Here, \( a=1003 \) and \( b=997 \).
So, \( (1003 + 997)(1003 - 997) \)
First, calculate the sum and difference:
\( 1003 + 997 = 2000 \)
\( 1003 - 997 = 6 \)
Now, multiply these results:
\( = 2000 \times 6 \)
\( = 12000 \)
Using the identity simplifies this large squaring and subtraction problem into simple addition, subtraction, and multiplication.
(iii) We need to evaluate \( (10)^3 - (5)^3 - (5)^3 \).
We can rewrite this expression as \( (10)^3 + (-5)^3 + (-5)^3 \).
Let \( a = 10 \), \( b = -5 \), and \( c = -5 \).
First, check the sum \( a+b+c \):
\( a+b+c = 10 + (-5) + (-5) = 10 - 5 - 5 = 0 \)

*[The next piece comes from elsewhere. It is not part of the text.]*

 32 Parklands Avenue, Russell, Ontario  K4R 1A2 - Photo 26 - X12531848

There is an identity that states if \( a+b+c=0 \), then \( a^3+b^3+c^3 = 3abc \).
Using this identity:
\( (10)^3 + (-5)^3 + (-5)^3 = 3 \times 10 \times (-5) \times (-5) \)

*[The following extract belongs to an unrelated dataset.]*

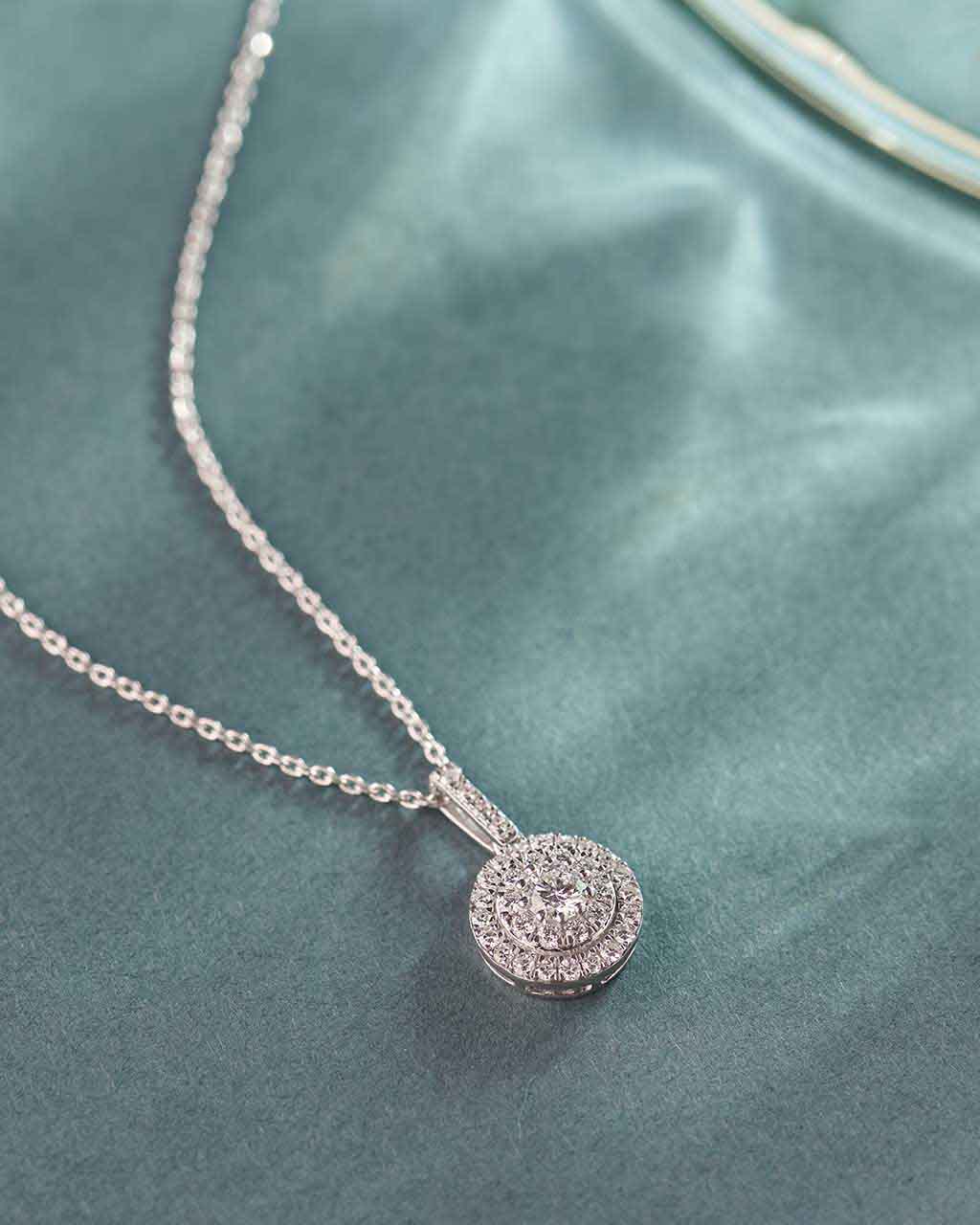 Round Cluster Diamond Necklace - Image 5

\( = 3 \times 10 \times 25 \)
\( = 30 \times 25 \)
\( = 750 \)
This identity provides a very quick way to solve such cubic sums when the sum of the bases is zero.
In simple words: For (i) and (ii), use the difference of squares formula, \( (a^2-b^2) = (a+b)(a-b) \). This helps you avoid big calculations by turning squares into simple additions and subtractions. For (iii), if three numbers add up to zero, then the sum of their cubes is equal to three times their product.

🎯 Exam Tip: Always look for opportunities to apply algebraic identities. They simplify complex calculations greatly. Specifically, for sums of cubes where the terms add up to zero, remember the special identity \( a^3+b^3+c^3=3abc \).